Michele Norris, host of NPR’s All Things Considered and author of The Grace of Silence: A Memoir, talks about her Minneapolis upbringing and her family’s Deep South roots.

As a journalist, what was it like doing a project with your family history as the subject?

It was hard, even surreal at times. As a journalist, you don’t use the word “I” very often unless you’re a columnist or you’re writing an essay, but that’s generally not the lane that I swim in, so this was new for me. There were moments when it was exhilarating because I was filling in the blanks in my family’s history. And there were moments where it brought me to my knees. I’m used to telling other people’s stories and I’m used to mining for other people’s histories, but when it’s your own, it’s different.

Do you think this book will change your relationship with your family in the future?

I hope it deepens my relationship with them. When you write a memoir, you take a very tumultuous journey. And when you write a family memoir, you pull a lot of people into the boat who didn’t sign up for that journey, and they wind up riding down the rapids along with you. And there’s something that’s not entirely fair about that. So I tried to make sure that I was very respectful in everything that I did. I know that some family members may not be completely comfortable with the telling of these stories, but they’re our stories, it’s our history.

Why do you think the struggles of black WWII veterans are often skipped over during Black History Month celebrations and in school history lessons?

I think it wasn’t told in part because they didn’t want it told. They kept it to themselves. They didn’t trumpet these stories or pass them on even in the most personal encounters with their family members. It wasn’t in the military’s interest to talk about the marginalization of them during war. The civil rights period of the 1960s had such cinematic appeal and the boomers were such a big part of American culture, so that was the story that was told, repeated, refined, codified, diluted, and placed in history books for easy retelling. Somehow we just skipped over the preamble to the civil rights protests and forgot about all that led to them. It’s clear that the veterans’ protests set the stage for the civil rights victory that came later. They primed the pump of the American conscience. These men fought for democracy and were part of a successful campaign for human rights overseas; they caused Americans who believed in the Allied effort to really start to question the treatment of men and women who were marginalized as part of the war effort and what human rights meant on these shores. It was only because the veterans had fought for the right to vote and had really stood up for their rights that it was possible for the next generation of civil rights leaders—and the young people who marched in the streets—to ultimately secure the civil rights victory.

When you pitched this project, did you always plan on incorporating the events surrounding your father’s shooting as well as details about your maternal grandmother, who appeared at country fairs and small towns to make pancakes while in costume as Aunt Jemima?

The project I pitched was really a story about America’s conversation about race.

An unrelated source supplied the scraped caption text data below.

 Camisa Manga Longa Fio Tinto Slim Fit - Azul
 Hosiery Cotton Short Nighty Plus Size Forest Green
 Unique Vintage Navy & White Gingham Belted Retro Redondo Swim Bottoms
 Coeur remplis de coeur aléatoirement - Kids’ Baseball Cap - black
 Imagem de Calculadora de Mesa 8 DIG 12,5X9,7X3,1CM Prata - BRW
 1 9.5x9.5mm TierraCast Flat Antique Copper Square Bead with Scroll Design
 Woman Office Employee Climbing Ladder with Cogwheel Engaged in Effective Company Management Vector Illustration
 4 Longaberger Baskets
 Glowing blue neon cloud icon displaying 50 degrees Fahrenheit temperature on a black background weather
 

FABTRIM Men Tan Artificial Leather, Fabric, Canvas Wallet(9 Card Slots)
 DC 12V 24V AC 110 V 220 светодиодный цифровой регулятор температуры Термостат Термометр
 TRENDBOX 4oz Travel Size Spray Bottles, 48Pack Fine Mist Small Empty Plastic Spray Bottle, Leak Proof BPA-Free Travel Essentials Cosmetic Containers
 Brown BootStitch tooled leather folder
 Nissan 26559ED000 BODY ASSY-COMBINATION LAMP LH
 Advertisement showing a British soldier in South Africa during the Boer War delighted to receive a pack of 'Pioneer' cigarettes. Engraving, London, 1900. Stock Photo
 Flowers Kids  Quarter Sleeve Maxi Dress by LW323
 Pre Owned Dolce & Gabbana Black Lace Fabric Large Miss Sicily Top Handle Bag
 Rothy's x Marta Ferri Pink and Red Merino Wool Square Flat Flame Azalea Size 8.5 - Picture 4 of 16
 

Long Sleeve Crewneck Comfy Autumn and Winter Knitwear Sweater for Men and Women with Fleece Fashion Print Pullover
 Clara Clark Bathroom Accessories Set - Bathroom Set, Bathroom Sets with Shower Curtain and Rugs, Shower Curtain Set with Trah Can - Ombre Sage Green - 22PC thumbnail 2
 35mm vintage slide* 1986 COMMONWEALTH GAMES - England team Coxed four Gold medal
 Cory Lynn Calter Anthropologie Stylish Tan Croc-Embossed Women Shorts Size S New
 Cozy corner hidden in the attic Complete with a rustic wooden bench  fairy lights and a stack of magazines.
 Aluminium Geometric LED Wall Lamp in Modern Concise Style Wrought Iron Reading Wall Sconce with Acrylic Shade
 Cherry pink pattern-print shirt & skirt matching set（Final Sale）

I had known about the Aunt Jemima story, and I thought it would be a small anecdote. I thought I would include it and my father’s story as a part of America’s larger conversation about race. But while I was working on the other book, I found that I was always canoodling in my own family history. I realized well into the project—I mean, deep into the project—that I was writing the wrong book, that I really needed to go where the story took me. The story was taking me down this lane of exploring what actually happened to my family and trying to understand, to some degree, the conversation of race based on that.